Not the Onion

3010 readers

18 users here now

For true stories that are so ridiculous, that you could have sworn it was an !theonion worthy story.

founded 3 years ago

MODERATORS

FracturedPelvis@lemmy.ml

107

To skirt copyright law, Anthropic bought and destroyed millions of physical books to train its "Claude" LLM (arstechnica.com)

submitted 10 months ago by cypherpunks@lemmy.ml to c/nottheonion@lemmy.ml

25 comments fedilink hide all child comments

you are viewing a single comment's thread
view the rest of the comments

[–] MartianSands@sh.itjust.works 5 points 10 months ago (2 children)
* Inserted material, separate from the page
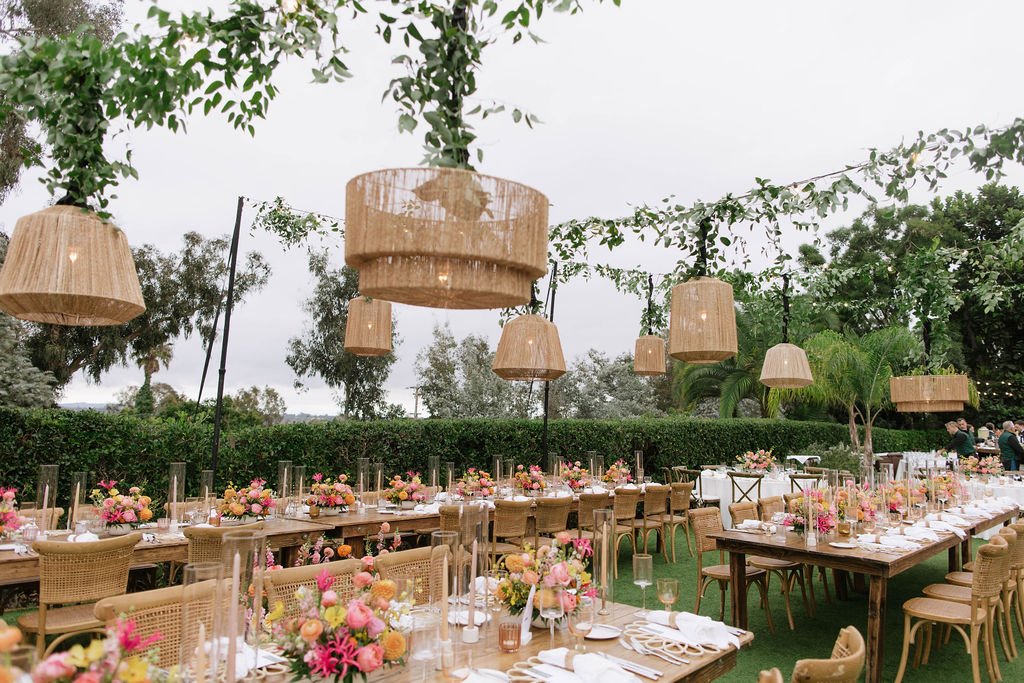 An outdoor event with long tables decorated with pink and peach floral arrangements, candles, and white table settings, under hanging wicker light fixtures and green leafy decorations.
That depends on whether you consider an LLM to be reading the text, or reproducing it.

Outside of the kind of malfunctions caused by overfitting, like when the same text appears again and again in the training data, it's not difficult to construct an argument that an LLM does the former, not the latter.

[–] awesomesauce309@midwest.social 3 points 10 months ago (1 children)

It’s rare a person on social media understands they turn the input into predictive weights, and do not selectively copy and paste out of them.

[–] baggins@lemmy.ca 1 points 10 months ago (2 children)

You're saying if I encode a copyrighted work into a JPEG it isn't infringement? It also uses statistics to produce an approximation of the input.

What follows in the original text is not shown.